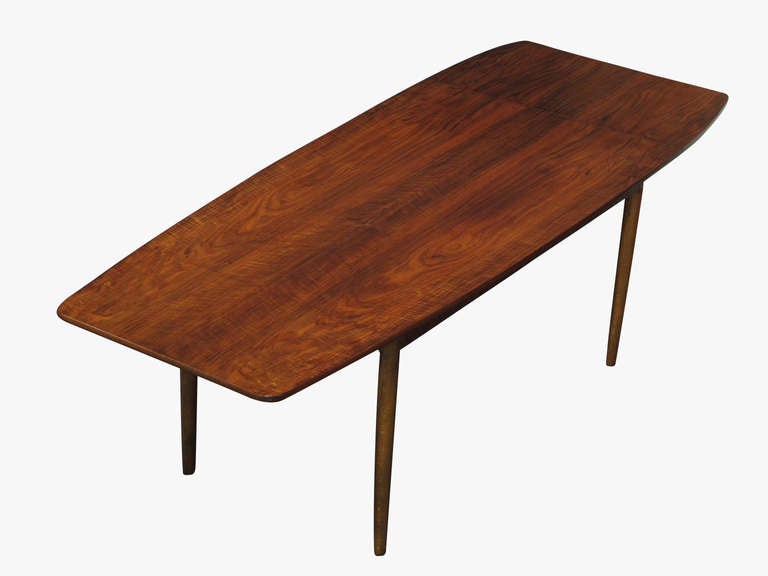 Danish Walnut Drop-leaf Dining Table 3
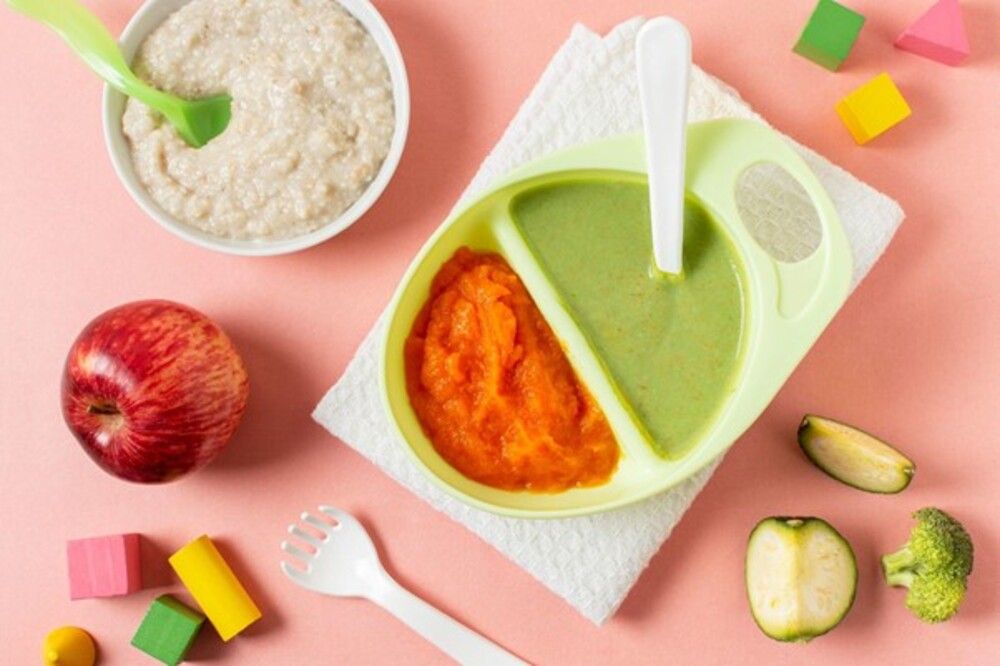 thực đơn cho bé bắt đầu ăn dặm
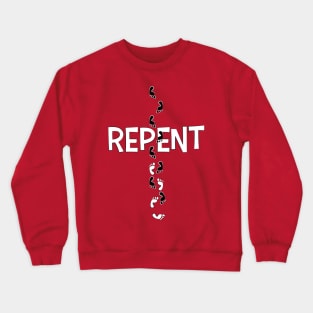 Footprints Repent Cross Crewneck Sweatshirt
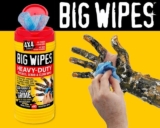 הם מורידים הכל! Heavy Duty BIG WIPES! סיליקון, צבע, גריז, דבק ועוד! 3 חבילות (240 מגבונים!) רק ב₪169! (רק 200 יח' במלאי! תפסו מהר לפני שיגמר!)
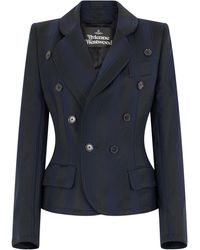 Vivienne Westwood - Striped Double-Breasted Tailored Jacket - Lyst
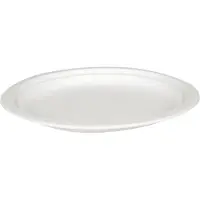 Abena Gastro-Line tallerken, Ø23cm - hvid, sukkerrør - pakke a 50stk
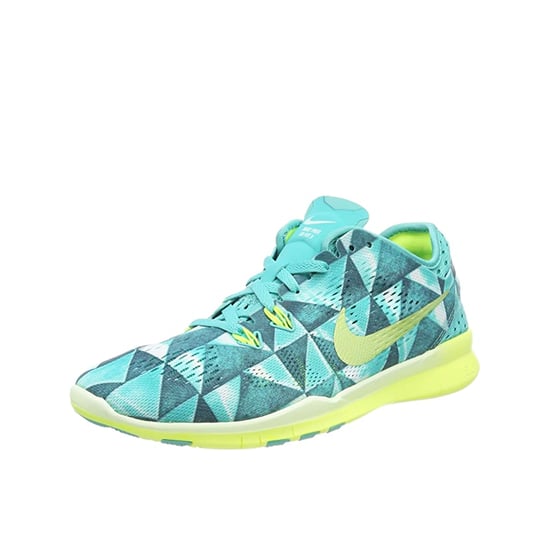 Nike Free 5.0 TR Fit PRT Lace Up Blue Synthetic Womens Trainers 704695 402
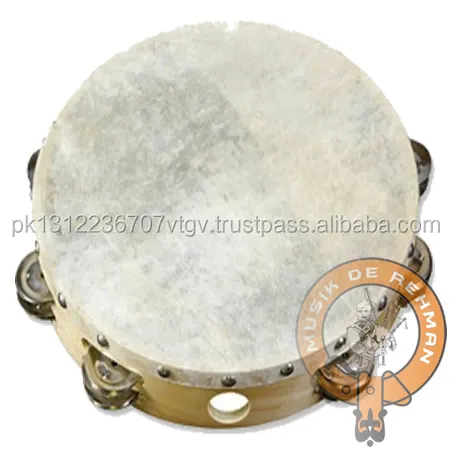 Tamburine drum with Goatskin Percussion Musical Instrument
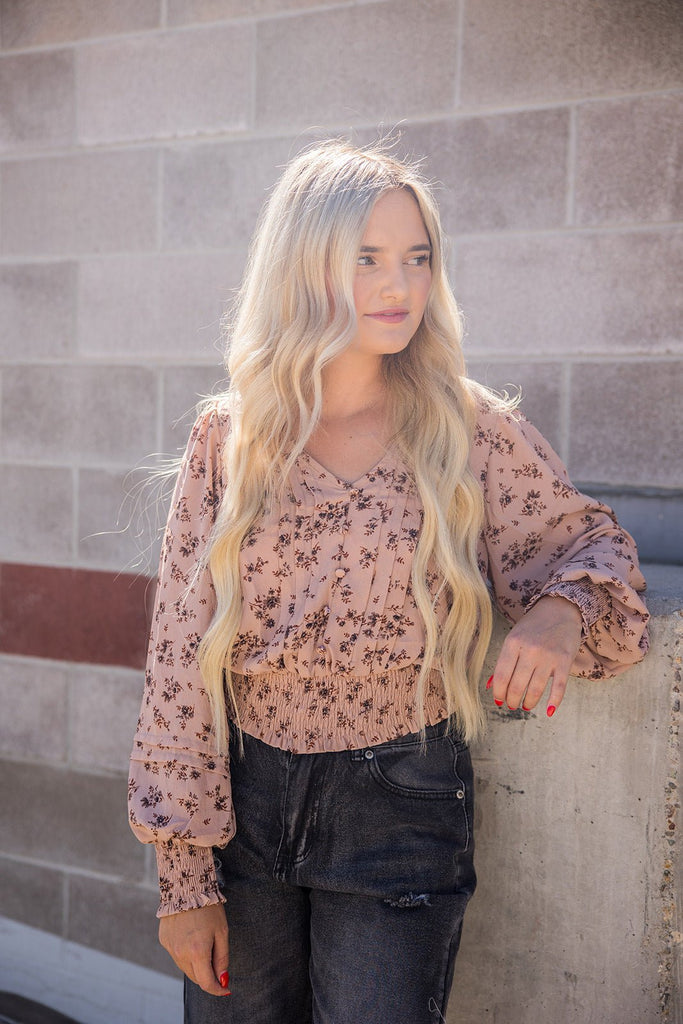 All At Once Floral Top - Pepper & Pearl Boutique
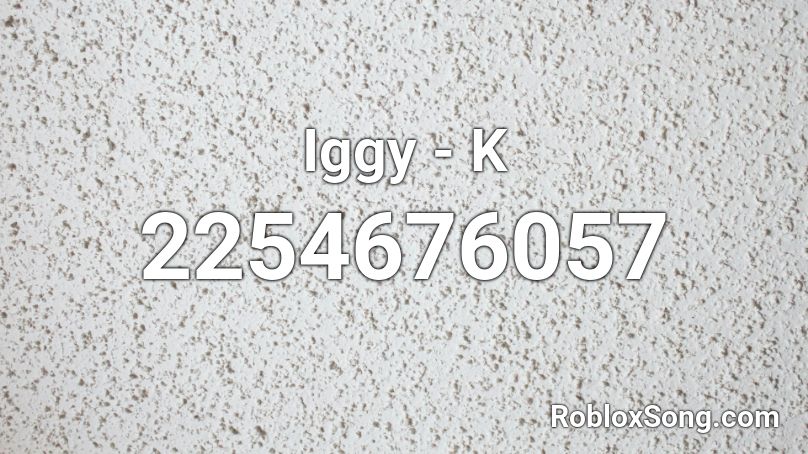 Iggy - Kream (nightcore) Roblox ID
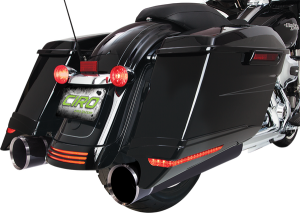 Saddlebag Extensions Black, 2, nordicamoto.ro
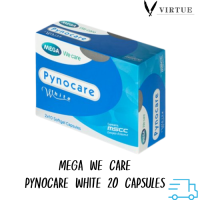 Mega We Care Pynocare White  จุดด่างดำ ผิวดูกระจ่างใสขึ้น (20 แคปซูล)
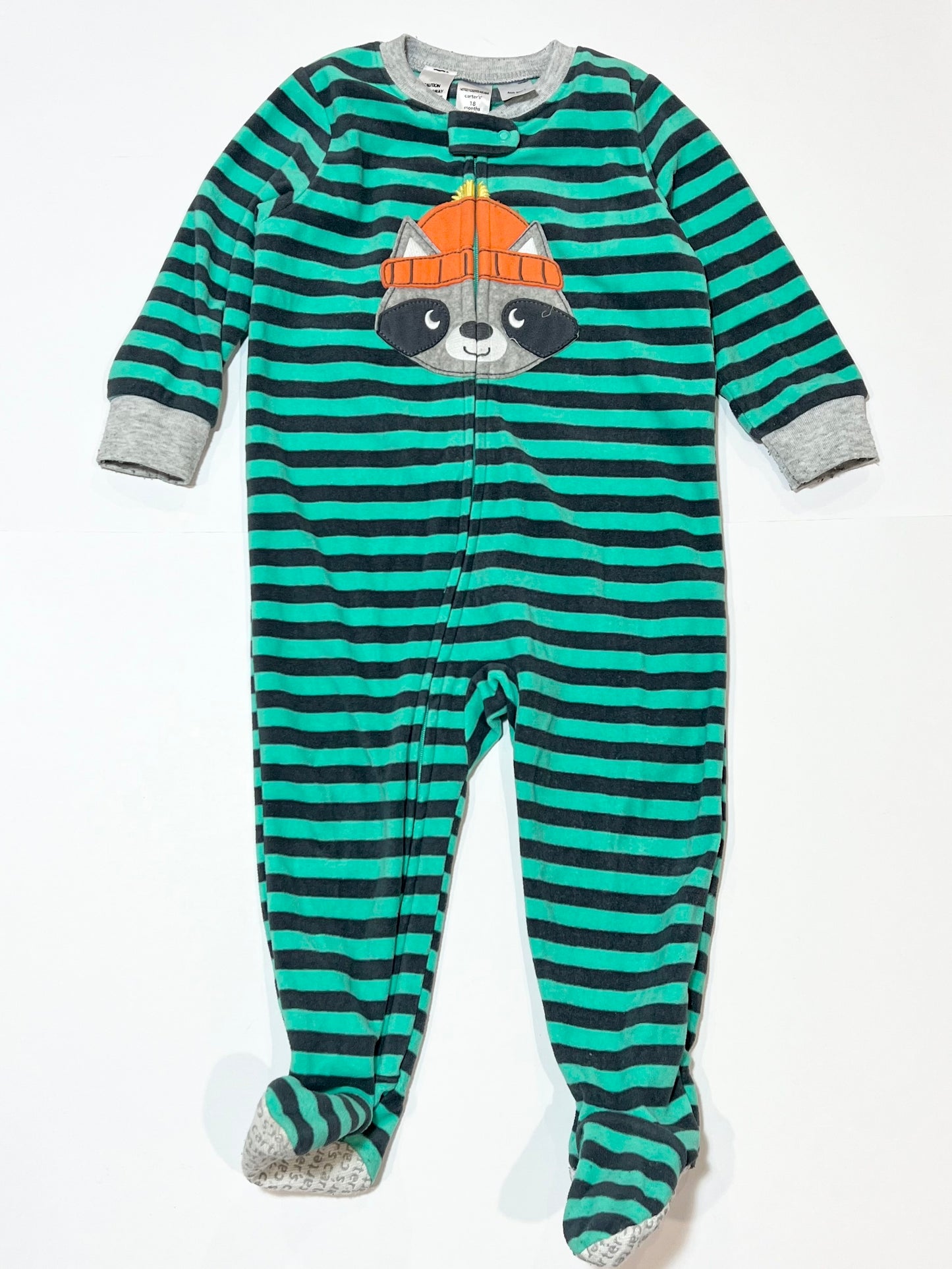 Striped fleece onesie - Size 1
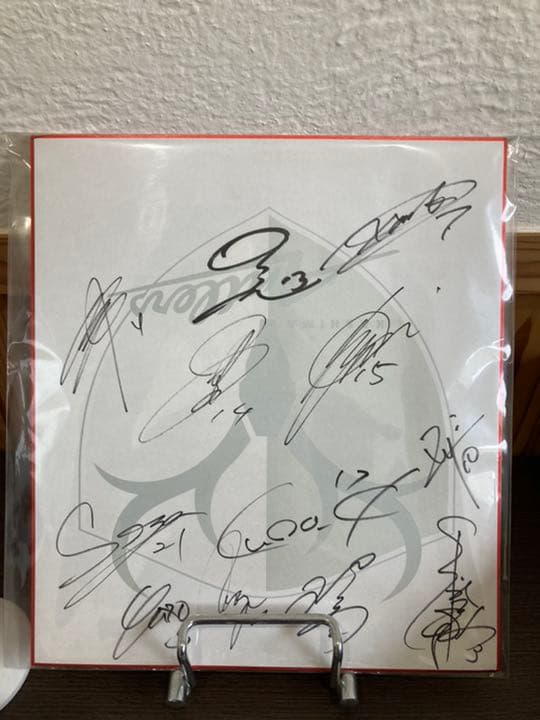 鹿島アントラーズ選手 12名 サイン色紙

▶ [TASK TO CARRY OUT]
The answer is to be the lines of the listing from the first through the one with "Abena Gastro-Line tallerken, Ø23cm", reproduced exactly, without any pictures.

▶ [TASK SOLUTION]
 Danish Walnut Drop-leaf Dining Table 3
 thực đơn cho bé bắt đầu ăn dặm
 Footprints Repent Cross Crewneck Sweatshirt
 הם מורידים הכל! Heavy Duty BIG WIPES! סיליקון, צבע, גריז, דבק ועוד! 3 חבילות (240 מגבונים!) רק ב₪169! (רק 200 יח' במלאי! תפסו מהר לפני שיגמר!)
 Vivienne Westwood - Striped Double-Breasted Tailored Jacket - Lyst
 Abena Gastro-Line tallerken, Ø23cm - hvid, sukkerrør - pakke a 50stk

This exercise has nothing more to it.